Who - Michel Le May is a cardiologist and director of the Coronary Care Unit Research Group at the Ottawa Heart Institute.
Issue - STEMI heart attacks are deadly blockages of the artery, and while clot-busting drugs are a common treatment method, angioplasty (inflating the artery with a balloon) is superior. Unfortunately, angioplasty also requires a team of experts available around the clock.
Solution - Le May championed the idea of giving paramedics the power to diagnose STEMI heart attacks. With this power, they could coordinate their action and bring the patient to the Ottawa Heart Institute where a team of angioplasty experts could always be found.
Impact - Because of the improved patient transfer measures, patients are being treated in less than an hour and a half, significantly reducing the injury and risk of death.
You're short of breath and there is a pain starting in your chest and shooting down your arm and side. You call 911, and when the paramedics arrive and load you into the ambulance they hook you up to electrocardiogram machine to get a quick look at your heart rhythm. They confirm that you are having a heart attack, and they mention a funny medical word: STEMI.
They've been heading to your local Ottawa hospital, but all of a sudden they change direction and take you to the Ottawa Heart Institute. The paramedic in the back pulls out a special cell phone and calls ahead, describing your case on a dedicated STEMI heart attack phone line to a waiting receptionist who alerts the angioplasty team.

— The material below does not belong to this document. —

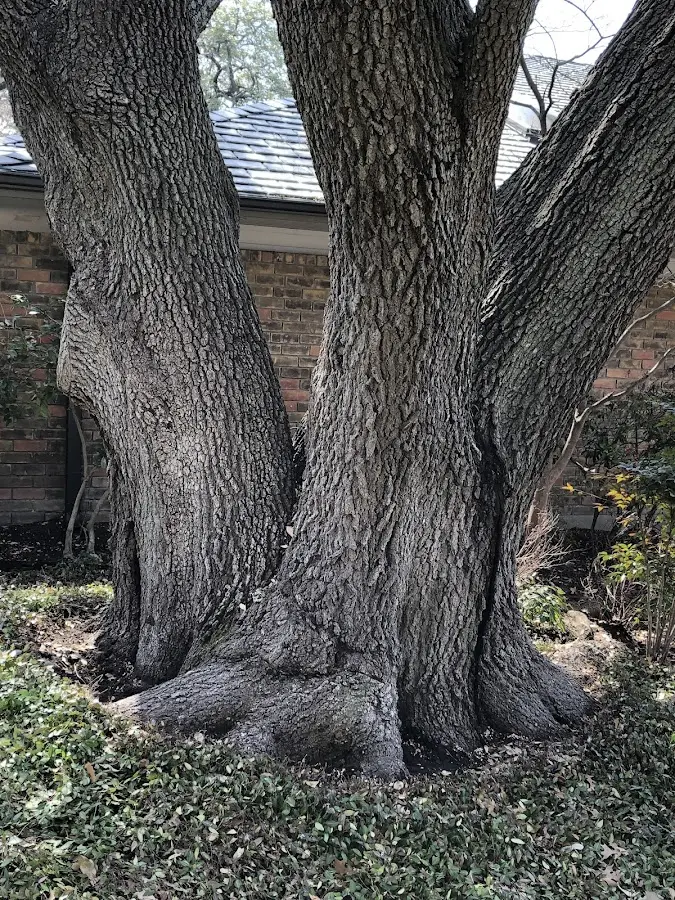 Mature heritage tree close to a Omega property cared for by certified arborists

When you arrive at the Heart Institute, the paramedics know to go directly to the STEMI room where the team is assembled. In a few more minutes you have been given stabilizing drugs and are being prepped for surgery. In less than 90 minutes, you have had angioplasty surgery to reopen and inflate the artery. The lasting damage and chance of death are minimal, and in a few days you will go home.
This entire sequence of events is the brainchild of Dr. Michel Le May, a cardiologist and director of the Coronary Care Unit Research Group at the Ottawa Heart Institute.
STEMI events, or ST-segment elevation myocardial infarction, were one of the most deadly forms of heart attack, where time to treatment must be measured in minutes. Then in the 1980s a new group of clot-busting pharmaceuticals were introduced to clear blocked arteries. However, these pharmaceuticals were not without side effects, not the least of which included bleeding in the brain.
So, doctors started opening the clogged artery by inserting a balloon, a process commonly called angioplasty, which is much more effective for overall health. But, threading a catheter up the groin and into the heart to open an artery requires a high degree of specialization and expertise, impossible to have at every hospital. Add to this the time constraint that treatment should be done within 90 minutes.
In Ottawa, the Ottawa Heart Institute is the only hospital that performs angioplasties, but getting STEMI patients there took too long. After doing several studies into what would work best for patient health, Le May forged a new way of handling heart attacks that empowered paramedics to read electrocardiograms and decide where a patient should be taken, something that previously could only be done by ER physicians.
Since July 2004, almost one STEMI heart attack patient a day has gone directly to the Ottawa Heart Institute, usually receiving care in less than the prescribed 90 minutes. Because of Le May's research, their risk of death has been reduced by half and patients are even able to leave the hospital faster.
"It's amazing. There's no going back," said Le May. "In a very short time we go from a completely blocked artery to completely open artery, and the patient feels better. Our mortality rate continues to be down by 50% and we've treated more than 1,500 patients, so we know that our results continue to prove this is the best strategy."